[Source information Boundary: Start]

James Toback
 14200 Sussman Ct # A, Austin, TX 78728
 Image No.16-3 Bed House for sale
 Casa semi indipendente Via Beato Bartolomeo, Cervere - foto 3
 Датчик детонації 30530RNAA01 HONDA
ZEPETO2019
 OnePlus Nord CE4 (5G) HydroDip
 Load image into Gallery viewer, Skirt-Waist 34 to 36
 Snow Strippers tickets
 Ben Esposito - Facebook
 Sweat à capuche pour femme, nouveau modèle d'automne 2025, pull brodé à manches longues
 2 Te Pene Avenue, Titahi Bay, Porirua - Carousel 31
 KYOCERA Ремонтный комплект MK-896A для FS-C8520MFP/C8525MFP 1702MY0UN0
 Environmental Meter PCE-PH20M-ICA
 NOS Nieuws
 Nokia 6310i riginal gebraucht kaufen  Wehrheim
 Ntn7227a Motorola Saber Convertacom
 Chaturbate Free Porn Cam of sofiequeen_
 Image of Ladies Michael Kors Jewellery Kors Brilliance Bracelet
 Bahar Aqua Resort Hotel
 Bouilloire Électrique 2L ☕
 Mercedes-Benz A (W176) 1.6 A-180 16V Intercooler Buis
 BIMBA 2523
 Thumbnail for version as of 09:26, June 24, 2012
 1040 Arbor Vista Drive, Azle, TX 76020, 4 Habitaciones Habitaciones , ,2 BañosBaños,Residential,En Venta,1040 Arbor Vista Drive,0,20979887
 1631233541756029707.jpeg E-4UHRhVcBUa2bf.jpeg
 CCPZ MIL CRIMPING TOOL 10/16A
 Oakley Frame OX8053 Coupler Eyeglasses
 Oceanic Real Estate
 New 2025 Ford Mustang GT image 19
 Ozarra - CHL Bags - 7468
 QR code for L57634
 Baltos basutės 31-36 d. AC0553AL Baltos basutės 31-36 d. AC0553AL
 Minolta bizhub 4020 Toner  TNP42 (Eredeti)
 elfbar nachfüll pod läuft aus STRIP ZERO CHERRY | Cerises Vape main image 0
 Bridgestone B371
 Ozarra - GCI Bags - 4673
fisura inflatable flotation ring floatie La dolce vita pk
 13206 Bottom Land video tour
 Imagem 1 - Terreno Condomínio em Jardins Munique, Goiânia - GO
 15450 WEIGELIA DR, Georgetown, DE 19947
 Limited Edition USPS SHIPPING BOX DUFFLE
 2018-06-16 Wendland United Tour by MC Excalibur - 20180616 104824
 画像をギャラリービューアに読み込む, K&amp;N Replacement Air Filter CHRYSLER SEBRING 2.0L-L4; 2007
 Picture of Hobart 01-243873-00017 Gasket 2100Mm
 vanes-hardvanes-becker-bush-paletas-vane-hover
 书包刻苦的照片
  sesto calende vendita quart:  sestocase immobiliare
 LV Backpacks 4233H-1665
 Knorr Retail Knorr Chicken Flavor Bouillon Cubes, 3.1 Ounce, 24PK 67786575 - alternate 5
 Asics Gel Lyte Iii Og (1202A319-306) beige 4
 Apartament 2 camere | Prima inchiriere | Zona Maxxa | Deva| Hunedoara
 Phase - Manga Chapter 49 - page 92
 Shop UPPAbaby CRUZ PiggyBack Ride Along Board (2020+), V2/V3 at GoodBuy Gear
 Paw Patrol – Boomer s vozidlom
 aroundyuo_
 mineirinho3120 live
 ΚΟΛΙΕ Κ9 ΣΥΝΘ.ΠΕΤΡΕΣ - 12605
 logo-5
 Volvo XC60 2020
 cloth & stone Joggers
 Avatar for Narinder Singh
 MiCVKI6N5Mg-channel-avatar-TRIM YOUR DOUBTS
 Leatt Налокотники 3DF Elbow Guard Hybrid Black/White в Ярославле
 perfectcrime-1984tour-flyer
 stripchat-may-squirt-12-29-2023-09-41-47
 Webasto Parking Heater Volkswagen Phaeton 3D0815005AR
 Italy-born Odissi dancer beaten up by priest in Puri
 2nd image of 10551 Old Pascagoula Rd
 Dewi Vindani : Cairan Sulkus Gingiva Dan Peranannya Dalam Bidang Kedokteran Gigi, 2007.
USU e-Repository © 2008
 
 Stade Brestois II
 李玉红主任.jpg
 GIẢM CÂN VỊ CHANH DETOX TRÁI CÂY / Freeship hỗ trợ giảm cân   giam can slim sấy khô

[Source information Boundary: End]

Exercise requirements
Look over the data above and show each line that contains "Ozarra".

Response to this task
 Ozarra - CHL Bags - 7468
 Ozarra - GCI Bags - 4673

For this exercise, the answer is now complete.